:: TASK ::
Using the records below, write out only the lines from the line containing "But you don't" up to and including the line containing "The second way", exactly, with no pictures.

:: RECORD EXCERPTS ::
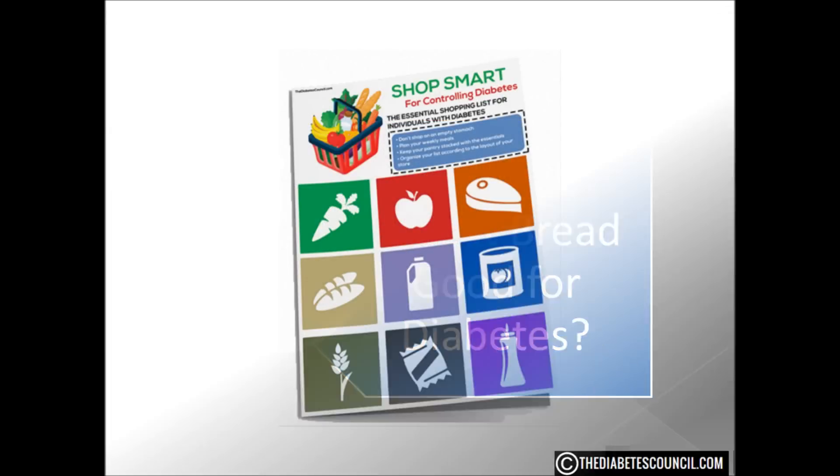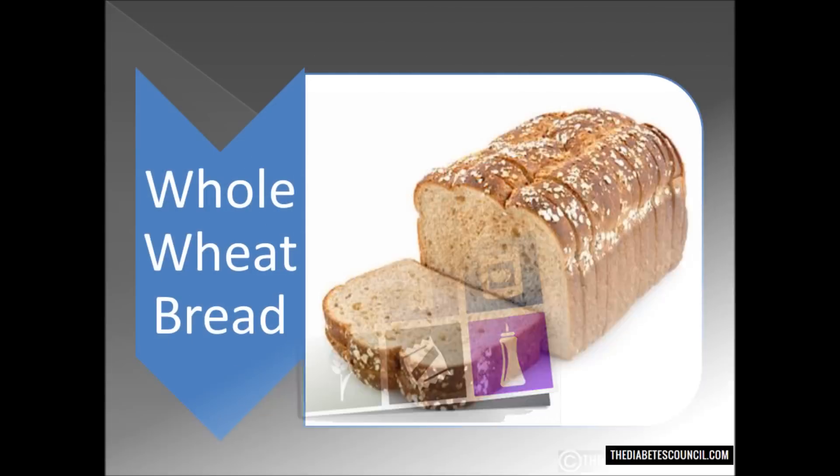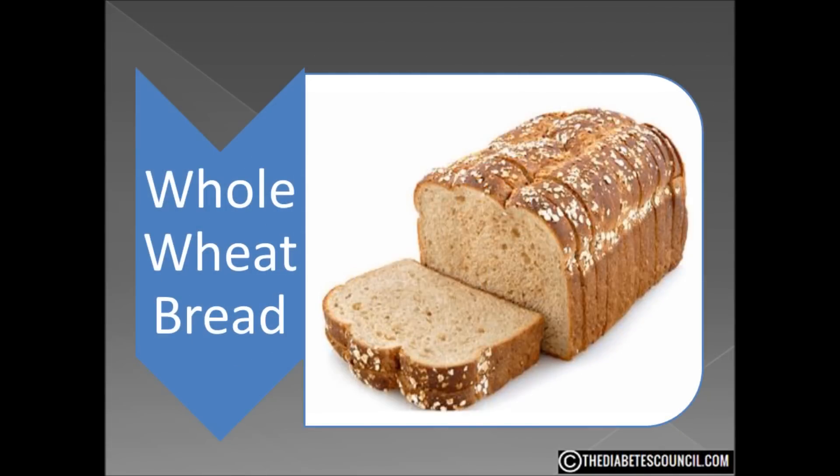But before we get into that, make sure you download my free diabetes management book, which also includes a diabetes grocery shopping guide — foods to eat and avoid — by clicking the link below. As a backdrop to this video, you may want to look at our videos on rye bread and diabetes and wheat and diabetes for reference material.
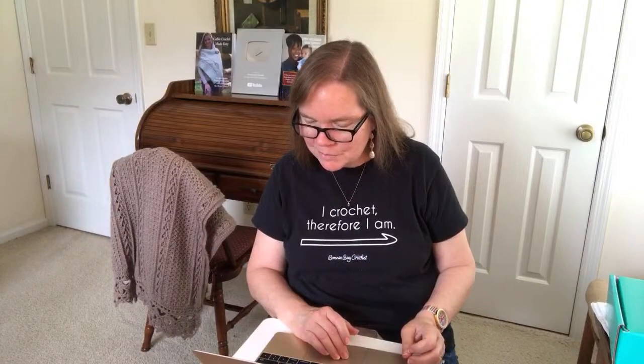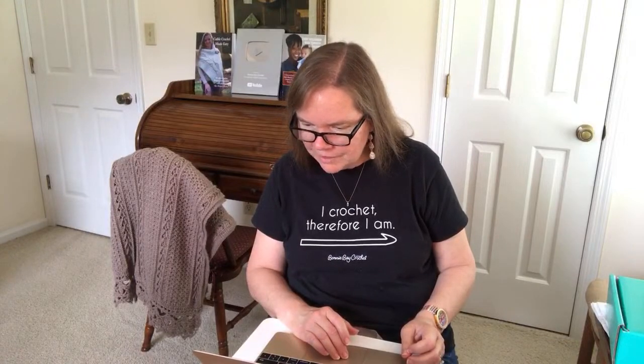Suzanne says bonjour. Judy wants to know the name of the guild — it's the Crochet Guild of America. The website is crochet.org. If you just Google 'Crochet Guild of America' it'll probably be one of the top hits. If you type in CGOA you're going to get some things that are not crochet, so just type in the whole word or 'Crochet Guild.'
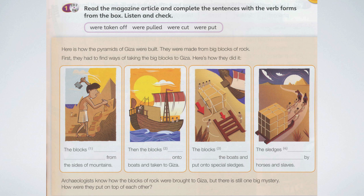Students' Book, page 35. Listen and check. Here is how the pyramids of Giza were built.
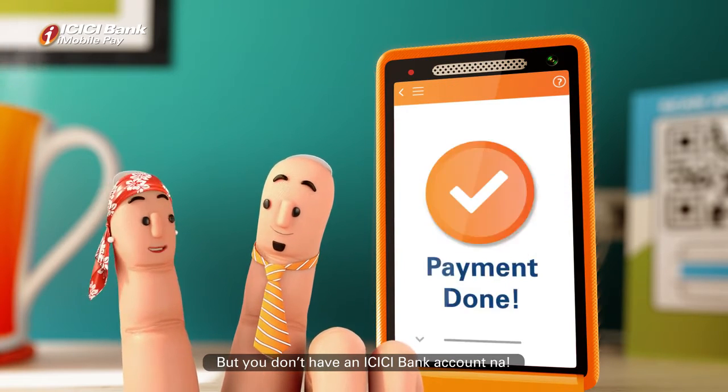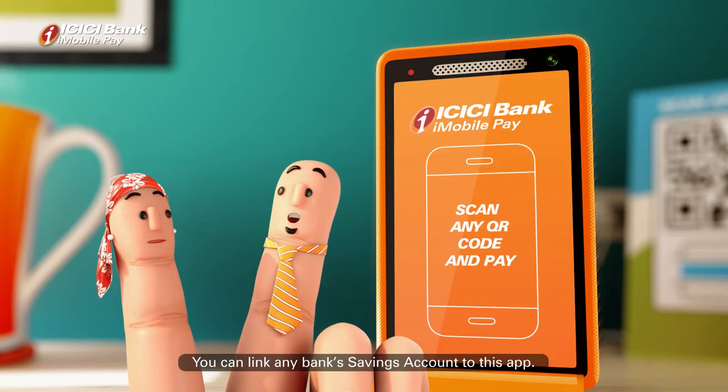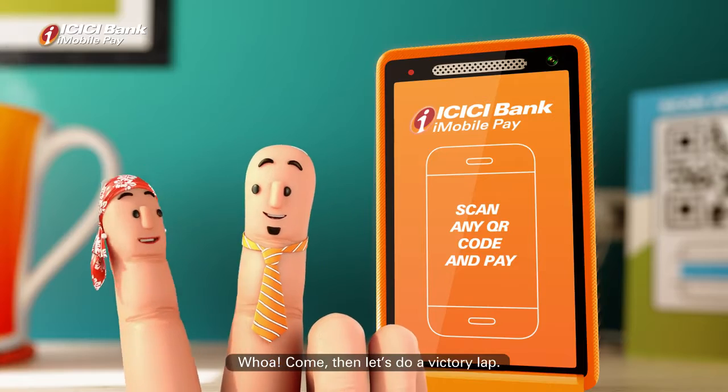But you don't have an ICICI Bank account. Now, finger on your lips and listen — you can link the savings account from this app. Wow! So, it's going to be a victory lap.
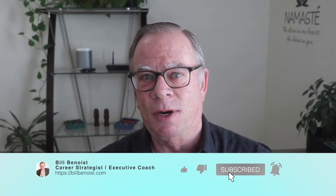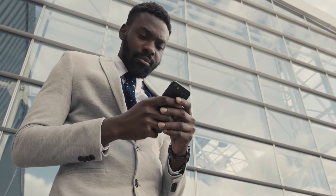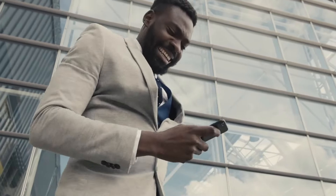My name is Bill Benoist. I'm a certified professional career coach here in Silicon Valley. And in today's video, what I want to share with you are six tips that are going to help you cross the finish line for that meet the team interview. The first tip is going to be based upon whether this is a Zoom or video interview with the team members, or if it's going to be in person.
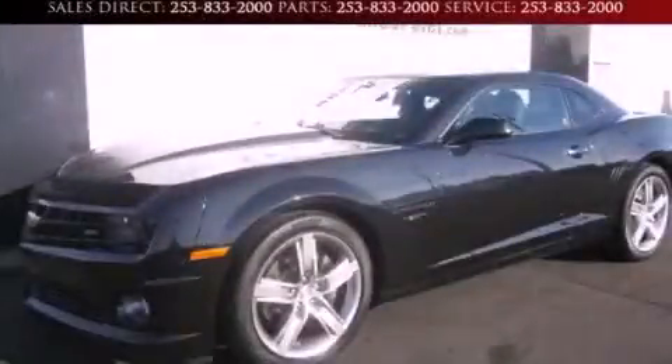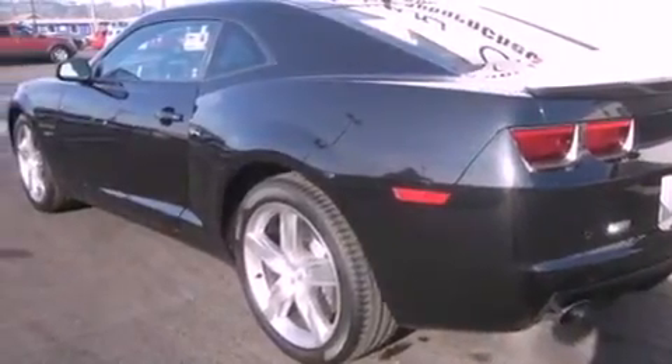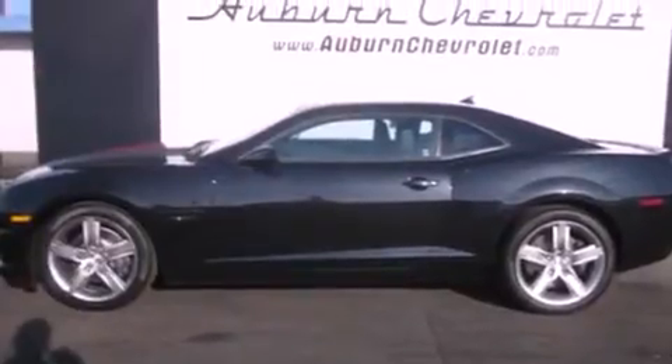This is a brand new 2012 Chevrolet Camaro for when A to B is not so straightforward. It features a 6.2-liter 8-cylinder engine and a 6-speed manual transmission.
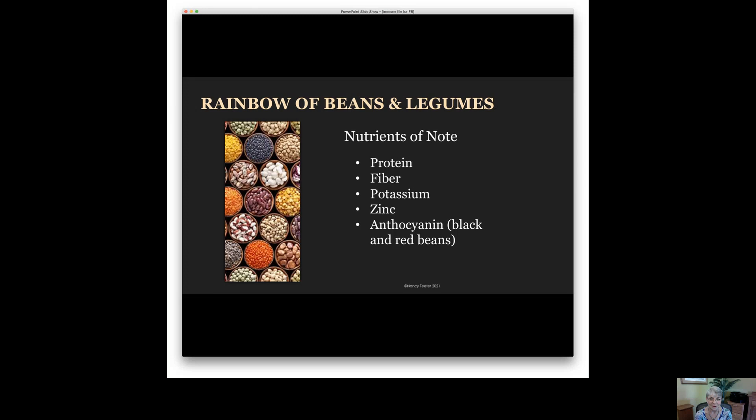There are other examples, but I will leave it at that as we close this session. I hope you'll come back and watch part B of strategy three.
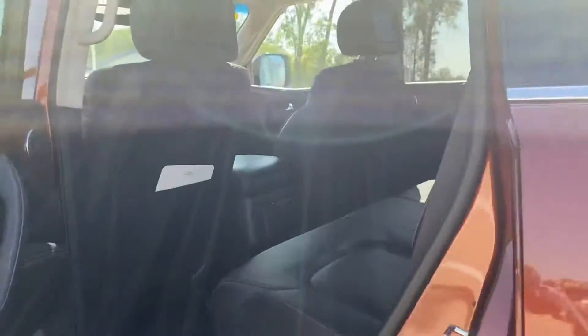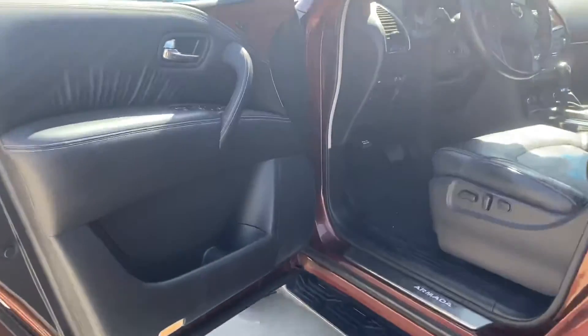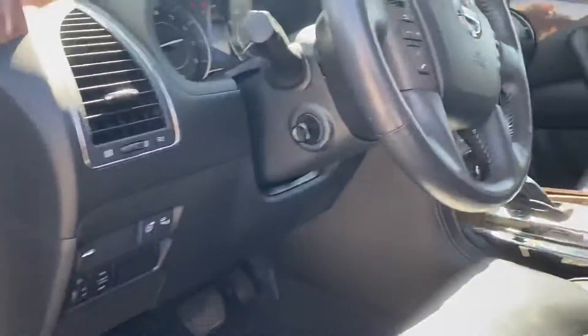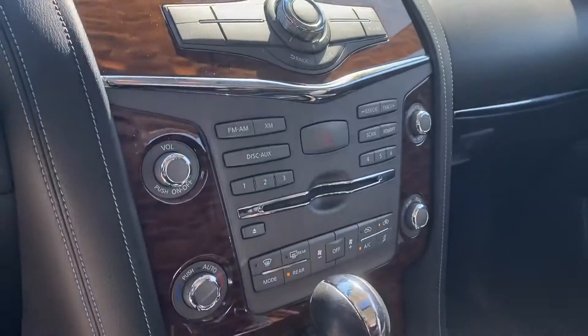Leather interior, DVD players, headphones, moonroof, Bluetooth, heated seats in the front and back, cooled seats in the front, seat memory position, power steering wheel, heated steering wheel. And much more — navigation, CD player.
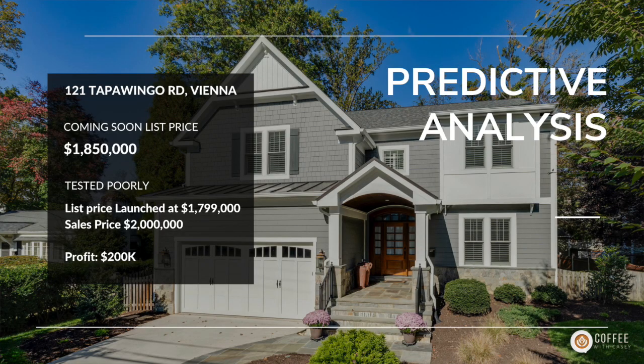The second way is the predictive analysis — we use this every week, every day. Let's look at 121 Tapawingo. It went on for $1.85 million. I think it's worth $1.8 to $1.9 million — if we're really lucky, $1.9 million — so we decided to test $1.85 million. There was nobody in that market looking at it, nobody loving it online, and we were concerned. I said I don't think that's our buyer pool; we need to move down to $1.799 million.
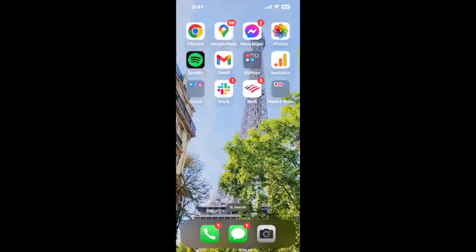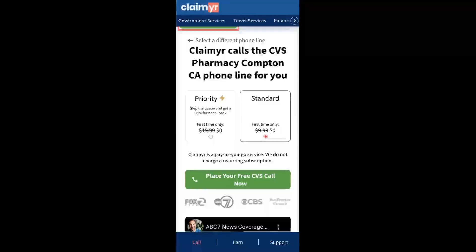Now the next method is the better way to reach a live person at CVS Pharmacy Compton, California. I built a calling tool. To use it, open up your browser, go to claimyr.com, and search for the CVS Pharmacy Compton, CA option. Claimyr can automatically call any phone line for you.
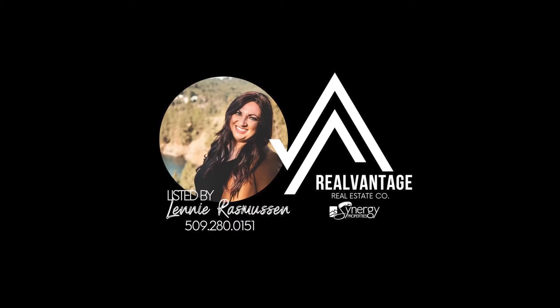Thank you for joining us on this quick tour. Please contact myself or another favorite local realtor to learn more about this property. If you're interested in selling yours, contact Real Vantage today.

:: RESPONSE TO THE TASK ::
But you don't have an ICICI Bank account. Now, finger on your lips and listen — you can link the savings account from this app. Wow! So, it's going to be a victory lap.
My name is Bill Benoist. I'm a certified professional career coach here in Silicon Valley. And in today's video, what I want to share with you are six tips that are going to help you cross the finish line for that meet the team interview. The first tip is going to be based upon whether this is a Zoom or video interview with the team members, or if it's going to be in person.
This is a brand new 2012 Chevrolet Camaro for when A to B is not so straightforward. It features a 6.2-liter 8-cylinder engine and a 6-speed manual transmission.
There are other examples, but I will leave it at that as we close this session. I hope you'll come back and watch part B of strategy three.
Leather interior, DVD players, headphones, moonroof, Bluetooth, heated seats in the front and back, cooled seats in the front, seat memory position, power steering wheel, heated steering wheel. And much more — navigation, CD player.
The second way is the predictive analysis — we use this every week, every day. Let's look at 121 Tapawingo. It went on for $1.85 million. I think it's worth $1.8 to $1.9 million — if we're really lucky, $1.9 million — so we decided to test $1.85 million. There was nobody in that market looking at it, nobody loving it online, and we were concerned. I said I don't think that's our buyer pool; we need to move down to $1.799 million.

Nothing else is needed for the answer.